Morris Dam is just one of the many dams controlled by Los Angeles County. Among them are the dams at Castaic, Devils Gate, Whittier Narrows and Morris Dam.

Morris Dam in the San Gabriel Mountains is about 85 years old. With what happened at Lake Oroville, it raises questions. Can that kind of dam failure happen anywhere, like here?

The valves on Morris Dam have been updated. The spillways are like Oroville, but Mark Pestrella, the acting director of LA County Public Works, doesn't think there would be a catastrophic dam failure here.

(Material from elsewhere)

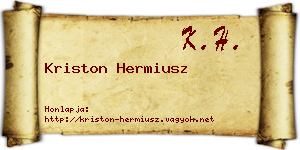 Kriston Hermiusz névjegykártya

"The dams here in LA County are what I consider among the safest dams in the nation and that's due to our constant rehabilitation and maintenance of the facilities," Pestrella said.

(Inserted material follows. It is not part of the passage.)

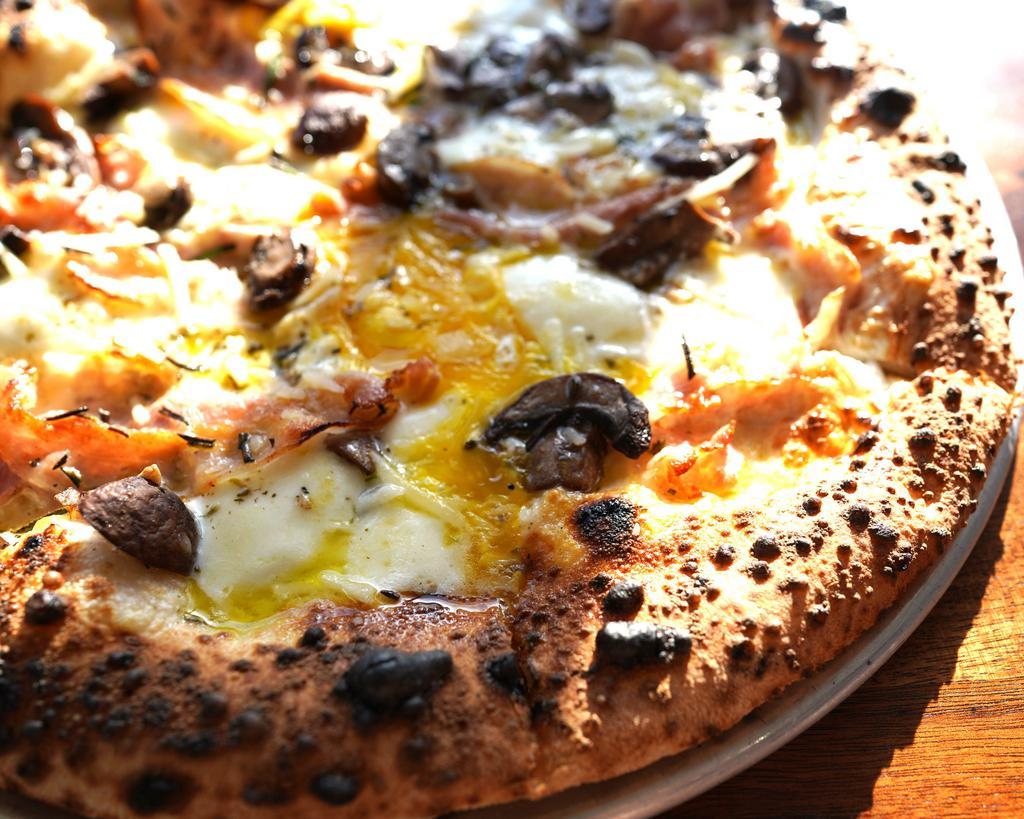 Good Morning Ridgewood Pizza · Fior di latte, pancetta, mushrooms, truffle oil, Parmesan cheese and rosemary and eggs.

That's a pretty big statement, but Pestrella believes it. He says anything can happen with Mother Nature and rainfall, but that's why there are daily and weekly inspections of each dam and once annually for the state.

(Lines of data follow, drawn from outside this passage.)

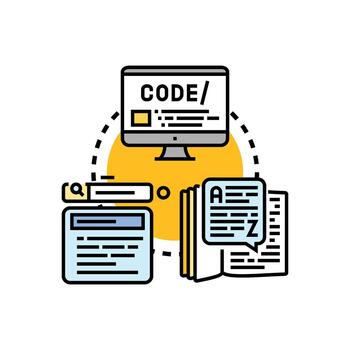 guión código glifo codificación programación desarrollo concepto vector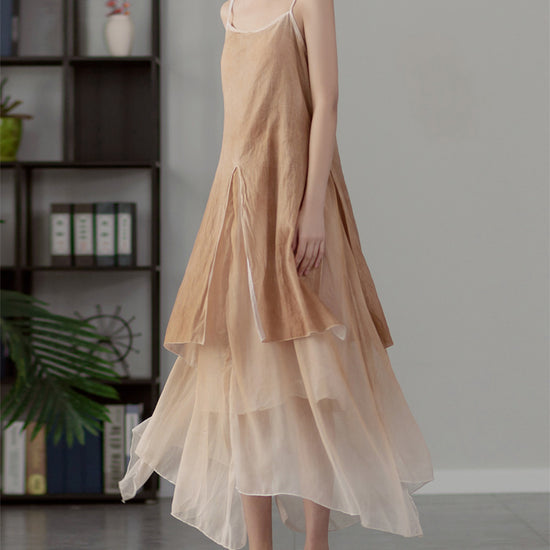 Fashion Spray Dyed Suspender Skirt Base Dress
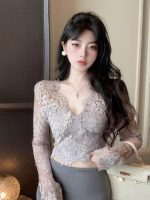 Women’s Sexy V-Neck Lace Crop Top Slim Fit Solid Color Long Sleeve Shirt - Image 6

Southern California is not without its failures of a dam. An epic one happened in 1928 in San Francisquito Canyon. More than 400 people were killed by the floodwaters from the dam's failure.

"The engineering standards today are way higher than they were at that time," Pestrella said. "It's still Mother Nature and there's still some art to this."

This falls on the operators, who during heavy rains have to control the reservoir, "deciding how much to keep in the bathtub and knowing more is coming."

On inspections of the county's concrete dams, Pestrella says, "We do dam inspections on a daily basis, and we have engineers that are full time 24/7 monitoring and making sure the facilities are operating as designed."

Despite that, when Oroville happened, it was an attention getter.

"We all got on the phone real quick; wanted to know how that happened one, lessons learned and every facility is unique unto itself," Pestrella said.

The public works bar for a dam's stamina is the highest maximum flood that could happen in this area says the acting director.

"Something that no one living here has seen before. Something like a 10,000 year event occurring."

There was that killer dam disaster in 1928 when the St. Frances dam broke in Los Angeles.

Currently in Morris Dam Reservoir, there's about 10,000 acre feet of water, which is about the size of 10,000 football fields a foot deep. It will hold about 25.

Tomorrow, the Los Angeles County Board of Supervisors will consider a motion to inspect all of the dams under the county's control to make sure they are all in good shape given what's happened up in Northern California.